» **Task description**: What you return must match the records word for word.
=== Provided information ===
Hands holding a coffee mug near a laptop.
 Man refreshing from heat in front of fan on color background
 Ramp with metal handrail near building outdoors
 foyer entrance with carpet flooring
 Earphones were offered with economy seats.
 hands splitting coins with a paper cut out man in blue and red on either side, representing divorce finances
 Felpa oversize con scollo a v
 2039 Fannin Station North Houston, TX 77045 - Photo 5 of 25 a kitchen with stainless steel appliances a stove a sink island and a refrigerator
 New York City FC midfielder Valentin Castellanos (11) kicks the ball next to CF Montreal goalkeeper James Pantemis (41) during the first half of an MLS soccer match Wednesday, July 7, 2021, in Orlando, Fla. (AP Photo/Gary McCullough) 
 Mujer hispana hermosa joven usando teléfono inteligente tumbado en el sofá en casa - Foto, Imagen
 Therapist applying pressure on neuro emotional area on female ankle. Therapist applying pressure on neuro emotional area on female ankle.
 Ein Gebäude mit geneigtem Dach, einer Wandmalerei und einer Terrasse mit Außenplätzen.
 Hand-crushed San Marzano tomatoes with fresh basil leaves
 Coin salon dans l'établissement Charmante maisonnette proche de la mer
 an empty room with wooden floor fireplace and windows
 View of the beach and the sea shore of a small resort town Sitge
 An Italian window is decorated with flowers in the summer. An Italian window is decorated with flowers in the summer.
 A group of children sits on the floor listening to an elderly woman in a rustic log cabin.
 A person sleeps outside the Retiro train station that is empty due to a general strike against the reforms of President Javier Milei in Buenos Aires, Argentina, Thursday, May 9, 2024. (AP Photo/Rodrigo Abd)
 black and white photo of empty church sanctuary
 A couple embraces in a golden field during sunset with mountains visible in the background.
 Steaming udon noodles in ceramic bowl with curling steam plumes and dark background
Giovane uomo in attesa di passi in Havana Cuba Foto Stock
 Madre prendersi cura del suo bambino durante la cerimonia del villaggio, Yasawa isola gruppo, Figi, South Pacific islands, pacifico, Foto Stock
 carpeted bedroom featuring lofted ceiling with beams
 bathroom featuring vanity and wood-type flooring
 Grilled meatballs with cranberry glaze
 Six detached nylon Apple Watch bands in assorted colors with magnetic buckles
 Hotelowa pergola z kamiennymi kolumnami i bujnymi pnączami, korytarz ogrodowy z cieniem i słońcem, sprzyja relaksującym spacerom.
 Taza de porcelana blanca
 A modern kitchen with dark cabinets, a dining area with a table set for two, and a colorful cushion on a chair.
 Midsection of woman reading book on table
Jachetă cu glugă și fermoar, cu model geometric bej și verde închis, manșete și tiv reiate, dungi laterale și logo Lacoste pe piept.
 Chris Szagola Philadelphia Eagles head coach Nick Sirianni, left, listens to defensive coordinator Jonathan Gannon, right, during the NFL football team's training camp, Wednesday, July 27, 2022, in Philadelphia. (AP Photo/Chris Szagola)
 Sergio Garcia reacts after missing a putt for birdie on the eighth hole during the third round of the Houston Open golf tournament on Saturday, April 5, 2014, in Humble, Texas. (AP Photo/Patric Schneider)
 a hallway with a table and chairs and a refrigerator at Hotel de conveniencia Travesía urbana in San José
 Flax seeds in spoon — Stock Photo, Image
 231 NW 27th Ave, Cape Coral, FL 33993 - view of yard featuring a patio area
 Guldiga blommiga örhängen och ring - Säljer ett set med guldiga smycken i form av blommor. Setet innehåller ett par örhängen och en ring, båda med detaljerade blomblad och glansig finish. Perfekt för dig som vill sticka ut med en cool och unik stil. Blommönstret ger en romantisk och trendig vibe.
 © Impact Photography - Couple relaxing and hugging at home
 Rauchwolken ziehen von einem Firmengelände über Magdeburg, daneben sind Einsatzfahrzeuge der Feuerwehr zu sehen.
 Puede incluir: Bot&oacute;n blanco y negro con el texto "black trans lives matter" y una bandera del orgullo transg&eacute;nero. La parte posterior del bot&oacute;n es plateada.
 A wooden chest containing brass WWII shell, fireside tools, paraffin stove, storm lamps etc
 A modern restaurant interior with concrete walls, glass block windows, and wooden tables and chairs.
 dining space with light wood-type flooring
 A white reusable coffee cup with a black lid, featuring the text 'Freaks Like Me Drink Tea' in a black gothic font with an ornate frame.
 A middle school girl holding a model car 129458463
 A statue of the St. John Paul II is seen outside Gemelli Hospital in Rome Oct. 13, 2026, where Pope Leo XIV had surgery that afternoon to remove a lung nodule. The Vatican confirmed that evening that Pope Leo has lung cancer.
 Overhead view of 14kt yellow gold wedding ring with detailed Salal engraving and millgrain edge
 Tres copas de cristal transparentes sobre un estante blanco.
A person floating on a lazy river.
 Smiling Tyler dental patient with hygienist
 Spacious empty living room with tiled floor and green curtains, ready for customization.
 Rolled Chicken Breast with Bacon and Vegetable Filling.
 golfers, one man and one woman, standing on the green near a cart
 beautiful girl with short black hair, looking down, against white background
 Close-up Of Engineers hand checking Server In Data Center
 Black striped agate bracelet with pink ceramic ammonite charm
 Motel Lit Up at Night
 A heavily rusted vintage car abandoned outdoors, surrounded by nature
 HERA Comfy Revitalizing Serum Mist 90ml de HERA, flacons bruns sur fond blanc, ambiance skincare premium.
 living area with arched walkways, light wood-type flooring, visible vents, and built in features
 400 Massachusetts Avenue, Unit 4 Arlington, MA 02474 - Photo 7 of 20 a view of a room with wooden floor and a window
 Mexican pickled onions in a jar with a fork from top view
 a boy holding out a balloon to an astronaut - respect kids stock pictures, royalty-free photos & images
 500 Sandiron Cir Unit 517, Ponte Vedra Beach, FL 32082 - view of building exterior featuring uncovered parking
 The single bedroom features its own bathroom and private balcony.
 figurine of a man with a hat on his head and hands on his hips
===
» **Result**:
Hands holding a coffee mug near a laptop.
 Man refreshing from heat in front of fan on color background
 Ramp with metal handrail near building outdoors
 foyer entrance with carpet flooring
 Earphones were offered with economy seats.
 hands splitting coins with a paper cut out man in blue and red on either side, representing divorce finances
 Felpa oversize con scollo a v
 2039 Fannin Station North Houston, TX 77045 - Photo 5 of 25 a kitchen with stainless steel appliances a stove a sink island and a refrigerator
 New York City FC midfielder Valentin Castellanos (11) kicks the ball next to CF Montreal goalkeeper James Pantemis (41) during the first half of an MLS soccer match Wednesday, July 7, 2021, in Orlando, Fla. (AP Photo/Gary McCullough) 
 Mujer hispana hermosa joven usando teléfono inteligente tumbado en el sofá en casa - Foto, Imagen
 Therapist applying pressure on neuro emotional area on female ankle. Therapist applying pressure on neuro emotional area on female ankle.
 Ein Gebäude mit geneigtem Dach, einer Wandmalerei und einer Terrasse mit Außenplätzen.
 Hand-crushed San Marzano tomatoes with fresh basil leaves
 Coin salon dans l'établissement Charmante maisonnette proche de la mer
 an empty room with wooden floor fireplace and windows
 View of the beach and the sea shore of a small resort town Sitge
 An Italian window is decorated with flowers in the summer. An Italian window is decorated with flowers in the summer.
 A group of children sits on the floor listening to an elderly woman in a rustic log cabin.
 A person sleeps outside the Retiro train station that is empty due to a general strike against the reforms of President Javier Milei in Buenos Aires, Argentina, Thursday, May 9, 2024. (AP Photo/Rodrigo Abd)
 black and white photo of empty church sanctuary
 A couple embraces in a golden field during sunset with mountains visible in the background.
 Steaming udon noodles in ceramic bowl with curling steam plumes and dark background
Giovane uomo in attesa di passi in Havana Cuba Foto Stock
 Madre prendersi cura del suo bambino durante la cerimonia del villaggio, Yasawa isola gruppo, Figi, South Pacific islands, pacifico, Foto Stock
 carpeted bedroom featuring lofted ceiling with beams
 bathroom featuring vanity and wood-type flooring
 Grilled meatballs with cranberry glaze
 Six detached nylon Apple Watch bands in assorted colors with magnetic buckles
 Hotelowa pergola z kamiennymi kolumnami i bujnymi pnączami, korytarz ogrodowy z cieniem i słońcem, sprzyja relaksującym spacerom.
 Taza de porcelana blanca
 A modern kitchen with dark cabinets, a dining area with a table set for two, and a colorful cushion on a chair.
 Midsection of woman reading book on table
Jachetă cu glugă și fermoar, cu model geometric bej și verde închis, manșete și tiv reiate, dungi laterale și logo Lacoste pe piept.
 Chris Szagola Philadelphia Eagles head coach Nick Sirianni, left, listens to defensive coordinator Jonathan Gannon, right, during the NFL football team's training camp, Wednesday, July 27, 2022, in Philadelphia. (AP Photo/Chris Szagola)
 Sergio Garcia reacts after missing a putt for birdie on the eighth hole during the third round of the Houston Open golf tournament on Saturday, April 5, 2014, in Humble, Texas. (AP Photo/Patric Schneider)
 a hallway with a table and chairs and a refrigerator at Hotel de conveniencia Travesía urbana in San José
 Flax seeds in spoon — Stock Photo, Image
 231 NW 27th Ave, Cape Coral, FL 33993 - view of yard featuring a patio area
 Guldiga blommiga örhängen och ring - Säljer ett set med guldiga smycken i form av blommor. Setet innehåller ett par örhängen och en ring, båda med detaljerade blomblad och glansig finish. Perfekt för dig som vill sticka ut med en cool och unik stil. Blommönstret ger en romantisk och trendig vibe.
 © Impact Photography - Couple relaxing and hugging at home
 Rauchwolken ziehen von einem Firmengelände über Magdeburg, daneben sind Einsatzfahrzeuge der Feuerwehr zu sehen.
 Puede incluir: Bot&oacute;n blanco y negro con el texto "black trans lives matter" y una bandera del orgullo transg&eacute;nero. La parte posterior del bot&oacute;n es plateada.
 A wooden chest containing brass WWII shell, fireside tools, paraffin stove, storm lamps etc
 A modern restaurant interior with concrete walls, glass block windows, and wooden tables and chairs.
 dining space with light wood-type flooring
 A white reusable coffee cup with a black lid, featuring the text 'Freaks Like Me Drink Tea' in a black gothic font with an ornate frame.
 A middle school girl holding a model car 129458463
 A statue of the St. John Paul II is seen outside Gemelli Hospital in Rome Oct. 13, 2026, where Pope Leo XIV had surgery that afternoon to remove a lung nodule. The Vatican confirmed that evening that Pope Leo has lung cancer.
 Overhead view of 14kt yellow gold wedding ring with detailed Salal engraving and millgrain edge
 Tres copas de cristal transparentes sobre un estante blanco.
A person floating on a lazy river.
 Smiling Tyler dental patient with hygienist
 Spacious empty living room with tiled floor and green curtains, ready for customization.
 Rolled Chicken Breast with Bacon and Vegetable Filling.
 golfers, one man and one woman, standing on the green near a cart
 beautiful girl with short black hair, looking down, against white background
 Close-up Of Engineers hand checking Server In Data Center
 Black striped agate bracelet with pink ceramic ammonite charm
 Motel Lit Up at Night
 A heavily rusted vintage car abandoned outdoors, surrounded by nature
 HERA Comfy Revitalizing Serum Mist 90ml de HERA, flacons bruns sur fond blanc, ambiance skincare premium.
 living area with arched walkways, light wood-type flooring, visible vents, and built in features
 400 Massachusetts Avenue, Unit 4 Arlington, MA 02474 - Photo 7 of 20 a view of a room with wooden floor and a window
 Mexican pickled onions in a jar with a fork from top view
 a boy holding out a balloon to an astronaut - respect kids stock pictures, royalty-free photos & images
 500 Sandiron Cir Unit 517, Ponte Vedra Beach, FL 32082 - view of building exterior featuring uncovered parking
 The single bedroom features its own bathroom and private balcony.
 figurine of a man with a hat on his head and hands on his hips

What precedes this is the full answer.